(Items from a data source)

***

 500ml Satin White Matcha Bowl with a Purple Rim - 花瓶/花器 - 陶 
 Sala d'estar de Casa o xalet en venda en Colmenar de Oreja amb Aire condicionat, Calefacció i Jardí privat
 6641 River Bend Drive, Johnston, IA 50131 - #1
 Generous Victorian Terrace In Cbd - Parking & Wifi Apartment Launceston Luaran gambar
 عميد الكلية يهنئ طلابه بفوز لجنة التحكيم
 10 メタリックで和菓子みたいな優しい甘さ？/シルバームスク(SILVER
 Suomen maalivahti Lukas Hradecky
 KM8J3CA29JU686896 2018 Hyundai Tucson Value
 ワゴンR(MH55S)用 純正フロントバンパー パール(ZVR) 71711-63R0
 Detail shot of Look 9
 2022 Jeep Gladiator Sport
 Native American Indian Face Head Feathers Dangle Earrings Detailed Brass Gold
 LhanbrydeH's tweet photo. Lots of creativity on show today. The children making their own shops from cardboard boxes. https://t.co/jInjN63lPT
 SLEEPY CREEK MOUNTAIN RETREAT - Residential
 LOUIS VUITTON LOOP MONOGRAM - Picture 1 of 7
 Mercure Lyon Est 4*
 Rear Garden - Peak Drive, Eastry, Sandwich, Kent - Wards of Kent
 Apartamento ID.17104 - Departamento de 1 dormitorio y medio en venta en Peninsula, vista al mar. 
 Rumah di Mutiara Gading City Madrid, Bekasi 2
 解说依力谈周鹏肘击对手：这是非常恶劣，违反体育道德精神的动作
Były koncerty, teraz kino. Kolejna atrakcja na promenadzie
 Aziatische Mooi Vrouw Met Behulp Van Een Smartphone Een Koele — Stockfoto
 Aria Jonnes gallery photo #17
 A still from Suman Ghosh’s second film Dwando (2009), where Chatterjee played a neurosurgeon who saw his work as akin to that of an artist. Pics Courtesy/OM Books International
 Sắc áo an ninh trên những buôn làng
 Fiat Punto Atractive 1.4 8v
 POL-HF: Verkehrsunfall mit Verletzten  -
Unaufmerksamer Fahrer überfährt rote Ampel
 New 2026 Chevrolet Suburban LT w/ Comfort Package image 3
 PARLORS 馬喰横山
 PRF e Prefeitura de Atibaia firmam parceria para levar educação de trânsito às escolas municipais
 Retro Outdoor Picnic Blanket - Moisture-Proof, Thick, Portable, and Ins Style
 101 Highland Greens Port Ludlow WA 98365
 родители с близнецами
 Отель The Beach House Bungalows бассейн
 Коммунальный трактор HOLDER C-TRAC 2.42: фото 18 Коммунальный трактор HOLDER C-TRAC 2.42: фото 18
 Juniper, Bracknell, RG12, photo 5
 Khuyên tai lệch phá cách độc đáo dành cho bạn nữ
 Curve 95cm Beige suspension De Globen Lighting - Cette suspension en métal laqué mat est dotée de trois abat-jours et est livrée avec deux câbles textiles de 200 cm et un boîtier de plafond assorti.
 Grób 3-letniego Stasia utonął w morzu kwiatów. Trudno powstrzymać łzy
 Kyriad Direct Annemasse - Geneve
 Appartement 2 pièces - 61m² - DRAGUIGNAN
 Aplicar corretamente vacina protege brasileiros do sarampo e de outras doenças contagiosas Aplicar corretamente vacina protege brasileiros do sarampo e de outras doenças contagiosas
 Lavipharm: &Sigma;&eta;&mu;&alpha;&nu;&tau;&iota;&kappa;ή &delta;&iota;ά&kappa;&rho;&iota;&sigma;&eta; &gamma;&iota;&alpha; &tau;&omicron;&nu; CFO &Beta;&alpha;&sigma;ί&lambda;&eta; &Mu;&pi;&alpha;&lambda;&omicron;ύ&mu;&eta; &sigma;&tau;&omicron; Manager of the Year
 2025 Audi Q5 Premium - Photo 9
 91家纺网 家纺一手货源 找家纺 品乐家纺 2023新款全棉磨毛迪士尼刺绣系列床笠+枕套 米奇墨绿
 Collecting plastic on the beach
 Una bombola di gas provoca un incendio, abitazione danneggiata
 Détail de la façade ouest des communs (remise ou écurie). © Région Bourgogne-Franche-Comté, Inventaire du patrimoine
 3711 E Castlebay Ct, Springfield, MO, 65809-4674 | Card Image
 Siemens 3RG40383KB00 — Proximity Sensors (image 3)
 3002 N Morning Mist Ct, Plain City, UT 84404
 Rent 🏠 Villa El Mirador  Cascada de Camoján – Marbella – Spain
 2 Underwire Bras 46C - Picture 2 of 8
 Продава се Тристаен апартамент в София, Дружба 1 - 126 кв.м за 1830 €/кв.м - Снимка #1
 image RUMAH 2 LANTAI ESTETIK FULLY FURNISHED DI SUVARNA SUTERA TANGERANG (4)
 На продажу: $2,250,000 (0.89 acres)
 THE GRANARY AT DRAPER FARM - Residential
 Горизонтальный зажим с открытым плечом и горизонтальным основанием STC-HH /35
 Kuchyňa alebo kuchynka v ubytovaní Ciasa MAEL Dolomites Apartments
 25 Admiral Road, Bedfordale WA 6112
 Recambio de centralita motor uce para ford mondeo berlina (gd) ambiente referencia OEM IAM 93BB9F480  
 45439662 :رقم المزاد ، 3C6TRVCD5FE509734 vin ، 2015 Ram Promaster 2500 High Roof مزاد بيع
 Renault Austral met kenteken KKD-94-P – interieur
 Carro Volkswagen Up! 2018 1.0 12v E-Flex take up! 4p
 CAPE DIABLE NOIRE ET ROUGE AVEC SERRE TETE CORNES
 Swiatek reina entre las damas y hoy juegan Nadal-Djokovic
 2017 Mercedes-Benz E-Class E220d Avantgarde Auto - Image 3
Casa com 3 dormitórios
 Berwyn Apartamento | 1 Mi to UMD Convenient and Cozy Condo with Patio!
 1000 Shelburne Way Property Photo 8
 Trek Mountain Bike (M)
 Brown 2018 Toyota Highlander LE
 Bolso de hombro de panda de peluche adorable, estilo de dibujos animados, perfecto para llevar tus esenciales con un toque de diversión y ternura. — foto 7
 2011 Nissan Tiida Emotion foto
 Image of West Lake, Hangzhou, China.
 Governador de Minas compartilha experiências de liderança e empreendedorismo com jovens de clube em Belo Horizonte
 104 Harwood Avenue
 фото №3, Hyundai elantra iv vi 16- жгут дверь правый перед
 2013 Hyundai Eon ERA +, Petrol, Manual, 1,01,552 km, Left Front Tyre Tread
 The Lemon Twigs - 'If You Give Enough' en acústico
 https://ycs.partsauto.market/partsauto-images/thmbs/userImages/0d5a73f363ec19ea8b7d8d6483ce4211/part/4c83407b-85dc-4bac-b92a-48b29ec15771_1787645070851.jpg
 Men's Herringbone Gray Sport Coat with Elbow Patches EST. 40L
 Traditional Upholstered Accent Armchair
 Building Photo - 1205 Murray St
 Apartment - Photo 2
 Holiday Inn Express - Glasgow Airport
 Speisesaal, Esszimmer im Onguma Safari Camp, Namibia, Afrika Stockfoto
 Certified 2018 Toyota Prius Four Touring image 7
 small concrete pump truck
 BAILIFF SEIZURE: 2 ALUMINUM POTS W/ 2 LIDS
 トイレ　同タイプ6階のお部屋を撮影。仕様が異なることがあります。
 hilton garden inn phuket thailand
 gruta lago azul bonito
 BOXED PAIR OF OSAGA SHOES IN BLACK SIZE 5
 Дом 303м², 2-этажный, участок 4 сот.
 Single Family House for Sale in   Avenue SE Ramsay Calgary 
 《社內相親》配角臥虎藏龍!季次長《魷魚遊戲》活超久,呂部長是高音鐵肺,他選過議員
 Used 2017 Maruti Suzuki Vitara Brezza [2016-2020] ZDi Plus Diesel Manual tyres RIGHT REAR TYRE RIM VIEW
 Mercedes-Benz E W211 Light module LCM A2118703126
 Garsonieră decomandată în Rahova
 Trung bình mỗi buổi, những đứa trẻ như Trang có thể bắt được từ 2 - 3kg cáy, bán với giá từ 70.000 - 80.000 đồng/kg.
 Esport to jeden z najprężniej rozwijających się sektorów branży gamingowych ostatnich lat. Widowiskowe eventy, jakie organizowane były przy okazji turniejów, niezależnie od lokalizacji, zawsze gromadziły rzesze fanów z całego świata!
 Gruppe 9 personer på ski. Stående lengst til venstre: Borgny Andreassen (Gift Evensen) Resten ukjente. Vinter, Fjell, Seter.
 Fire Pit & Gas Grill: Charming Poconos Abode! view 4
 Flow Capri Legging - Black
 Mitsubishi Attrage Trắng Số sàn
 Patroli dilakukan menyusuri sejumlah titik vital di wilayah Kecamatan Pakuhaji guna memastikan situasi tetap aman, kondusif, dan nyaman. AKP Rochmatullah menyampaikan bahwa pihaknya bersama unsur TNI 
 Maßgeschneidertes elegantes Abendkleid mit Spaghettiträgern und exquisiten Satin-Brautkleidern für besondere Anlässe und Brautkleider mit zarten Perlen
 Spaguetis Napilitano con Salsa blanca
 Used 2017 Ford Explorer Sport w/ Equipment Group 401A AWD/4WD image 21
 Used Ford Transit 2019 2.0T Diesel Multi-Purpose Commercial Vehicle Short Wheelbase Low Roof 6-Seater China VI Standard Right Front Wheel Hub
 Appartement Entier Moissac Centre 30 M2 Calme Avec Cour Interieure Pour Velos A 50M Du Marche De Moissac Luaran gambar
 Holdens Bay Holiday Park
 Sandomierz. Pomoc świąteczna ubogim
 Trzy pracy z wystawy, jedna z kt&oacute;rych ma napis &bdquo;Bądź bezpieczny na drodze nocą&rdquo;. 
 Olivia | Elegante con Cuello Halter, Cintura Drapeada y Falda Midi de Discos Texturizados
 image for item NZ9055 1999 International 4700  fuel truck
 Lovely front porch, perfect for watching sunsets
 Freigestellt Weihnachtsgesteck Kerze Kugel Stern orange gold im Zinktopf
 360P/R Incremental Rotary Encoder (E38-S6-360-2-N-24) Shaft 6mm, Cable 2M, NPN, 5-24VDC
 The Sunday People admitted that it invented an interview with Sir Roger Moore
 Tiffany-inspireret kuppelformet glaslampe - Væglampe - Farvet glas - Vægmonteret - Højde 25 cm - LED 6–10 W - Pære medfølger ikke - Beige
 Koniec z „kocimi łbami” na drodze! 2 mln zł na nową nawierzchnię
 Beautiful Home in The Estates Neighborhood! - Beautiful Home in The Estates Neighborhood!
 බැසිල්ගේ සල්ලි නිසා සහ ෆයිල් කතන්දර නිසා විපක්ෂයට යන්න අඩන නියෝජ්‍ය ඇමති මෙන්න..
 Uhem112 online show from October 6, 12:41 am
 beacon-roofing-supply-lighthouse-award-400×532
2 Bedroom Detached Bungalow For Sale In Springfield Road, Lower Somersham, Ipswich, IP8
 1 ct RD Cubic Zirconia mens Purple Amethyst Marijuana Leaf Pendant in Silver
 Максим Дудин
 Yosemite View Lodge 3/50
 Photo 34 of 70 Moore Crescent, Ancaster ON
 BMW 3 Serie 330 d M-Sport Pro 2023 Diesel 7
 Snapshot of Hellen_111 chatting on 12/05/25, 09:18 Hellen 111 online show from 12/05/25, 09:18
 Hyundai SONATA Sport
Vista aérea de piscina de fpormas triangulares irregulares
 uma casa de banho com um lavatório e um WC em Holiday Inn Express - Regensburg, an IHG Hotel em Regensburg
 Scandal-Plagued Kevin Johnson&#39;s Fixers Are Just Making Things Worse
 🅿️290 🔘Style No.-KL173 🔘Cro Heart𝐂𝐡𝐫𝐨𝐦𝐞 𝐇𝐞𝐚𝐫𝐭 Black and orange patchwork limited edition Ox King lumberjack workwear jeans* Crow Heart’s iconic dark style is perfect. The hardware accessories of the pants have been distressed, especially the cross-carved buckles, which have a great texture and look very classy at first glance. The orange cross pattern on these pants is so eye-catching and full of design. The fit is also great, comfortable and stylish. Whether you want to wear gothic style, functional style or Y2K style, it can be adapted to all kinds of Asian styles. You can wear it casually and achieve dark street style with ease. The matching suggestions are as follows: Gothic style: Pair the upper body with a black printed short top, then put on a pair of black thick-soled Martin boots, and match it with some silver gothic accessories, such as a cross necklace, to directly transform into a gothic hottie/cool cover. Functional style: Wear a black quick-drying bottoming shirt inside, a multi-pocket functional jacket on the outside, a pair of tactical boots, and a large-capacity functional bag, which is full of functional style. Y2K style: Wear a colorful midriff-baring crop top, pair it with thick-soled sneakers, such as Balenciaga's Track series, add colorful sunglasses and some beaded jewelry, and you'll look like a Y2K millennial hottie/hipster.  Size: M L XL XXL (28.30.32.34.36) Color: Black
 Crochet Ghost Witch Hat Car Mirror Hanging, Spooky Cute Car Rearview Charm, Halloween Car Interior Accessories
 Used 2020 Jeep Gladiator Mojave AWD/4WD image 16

***

THE PROBLEM:
There is a run of lines above from the one with "Freigestellt Weihnachtsgesteck Kerze" to the one with "uma casa de"; print exactly that run, both ends included, and nothing else.

YOUR SOLUTION:
 Freigestellt Weihnachtsgesteck Kerze Kugel Stern orange gold im Zinktopf
 360P/R Incremental Rotary Encoder (E38-S6-360-2-N-24) Shaft 6mm, Cable 2M, NPN, 5-24VDC
 The Sunday People admitted that it invented an interview with Sir Roger Moore
 Tiffany-inspireret kuppelformet glaslampe - Væglampe - Farvet glas - Vægmonteret - Højde 25 cm - LED 6–10 W - Pære medfølger ikke - Beige
 Koniec z „kocimi łbami” na drodze! 2 mln zł na nową nawierzchnię
 Beautiful Home in The Estates Neighborhood! - Beautiful Home in The Estates Neighborhood!
 බැසිල්ගේ සල්ලි නිසා සහ ෆයිල් කතන්දර නිසා විපක්ෂයට යන්න අඩන නියෝජ්‍ය ඇමති මෙන්න..
 Uhem112 online show from October 6, 12:41 am
 beacon-roofing-supply-lighthouse-award-400×532
2 Bedroom Detached Bungalow For Sale In Springfield Road, Lower Somersham, Ipswich, IP8
 1 ct RD Cubic Zirconia mens Purple Amethyst Marijuana Leaf Pendant in Silver
 Максим Дудин
 Yosemite View Lodge 3/50
 Photo 34 of 70 Moore Crescent, Ancaster ON
 BMW 3 Serie 330 d M-Sport Pro 2023 Diesel 7
 Snapshot of Hellen_111 chatting on 12/05/25, 09:18 Hellen 111 online show from 12/05/25, 09:18
 Hyundai SONATA Sport
Vista aérea de piscina de fpormas triangulares irregulares
 uma casa de banho com um lavatório e um WC em Holiday Inn Express - Regensburg, an IHG Hotel em Regensburg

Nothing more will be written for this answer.